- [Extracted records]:
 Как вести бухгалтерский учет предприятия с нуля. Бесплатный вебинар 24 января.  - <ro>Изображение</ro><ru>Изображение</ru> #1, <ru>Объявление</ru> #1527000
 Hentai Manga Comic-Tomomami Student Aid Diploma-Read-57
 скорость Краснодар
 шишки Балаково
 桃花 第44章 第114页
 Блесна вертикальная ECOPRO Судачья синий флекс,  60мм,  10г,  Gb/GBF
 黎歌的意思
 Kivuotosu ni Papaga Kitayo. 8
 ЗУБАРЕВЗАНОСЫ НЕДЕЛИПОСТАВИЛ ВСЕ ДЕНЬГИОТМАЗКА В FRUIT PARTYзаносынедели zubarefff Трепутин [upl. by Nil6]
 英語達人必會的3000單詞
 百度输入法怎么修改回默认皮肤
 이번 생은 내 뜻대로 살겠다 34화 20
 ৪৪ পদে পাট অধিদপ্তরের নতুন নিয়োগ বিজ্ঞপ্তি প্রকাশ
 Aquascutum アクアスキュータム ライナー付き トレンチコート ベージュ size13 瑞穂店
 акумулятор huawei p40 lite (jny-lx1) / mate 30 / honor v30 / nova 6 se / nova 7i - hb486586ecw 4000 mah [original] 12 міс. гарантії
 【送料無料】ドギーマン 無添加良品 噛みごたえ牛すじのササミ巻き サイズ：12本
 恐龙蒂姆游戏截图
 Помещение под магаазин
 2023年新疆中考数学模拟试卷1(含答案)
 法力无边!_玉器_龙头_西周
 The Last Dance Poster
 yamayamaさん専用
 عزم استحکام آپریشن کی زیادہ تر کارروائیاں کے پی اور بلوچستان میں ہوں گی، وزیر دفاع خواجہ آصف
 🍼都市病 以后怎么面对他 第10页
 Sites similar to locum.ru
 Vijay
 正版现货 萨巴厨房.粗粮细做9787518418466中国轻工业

- [Task statement]: Up to and including the last line of the data, copy each line exactly, starting with the line that contains "Hentai Manga Comic-Tomomami".

- [Answer for the task]:
 Hentai Manga Comic-Tomomami Student Aid Diploma-Read-57
 скорость Краснодар
 шишки Балаково
 桃花 第44章 第114页
 Блесна вертикальная ECOPRO Судачья синий флекс,  60мм,  10г,  Gb/GBF
 黎歌的意思
 Kivuotosu ni Papaga Kitayo. 8
 ЗУБАРЕВЗАНОСЫ НЕДЕЛИПОСТАВИЛ ВСЕ ДЕНЬГИОТМАЗКА В FRUIT PARTYзаносынедели zubarefff Трепутин [upl. by Nil6]
 英語達人必會的3000單詞
 百度输入法怎么修改回默认皮肤
 이번 생은 내 뜻대로 살겠다 34화 20
 ৪৪ পদে পাট অধিদপ্তরের নতুন নিয়োগ বিজ্ঞপ্তি প্রকাশ
 Aquascutum アクアスキュータム ライナー付き トレンチコート ベージュ size13 瑞穂店
 акумулятор huawei p40 lite (jny-lx1) / mate 30 / honor v30 / nova 6 se / nova 7i - hb486586ecw 4000 mah [original] 12 міс. гарантії
 【送料無料】ドギーマン 無添加良品 噛みごたえ牛すじのササミ巻き サイズ：12本
 恐龙蒂姆游戏截图
 Помещение под магаазин
 2023年新疆中考数学模拟试卷1(含答案)
 法力无边!_玉器_龙头_西周
 The Last Dance Poster
 yamayamaさん専用
 عزم استحکام آپریشن کی زیادہ تر کارروائیاں کے پی اور بلوچستان میں ہوں گی، وزیر دفاع خواجہ آصف
 🍼都市病 以后怎么面对他 第10页
 Sites similar to locum.ru
 Vijay
 正版现货 萨巴厨房.粗粮细做9787518418466中国轻工业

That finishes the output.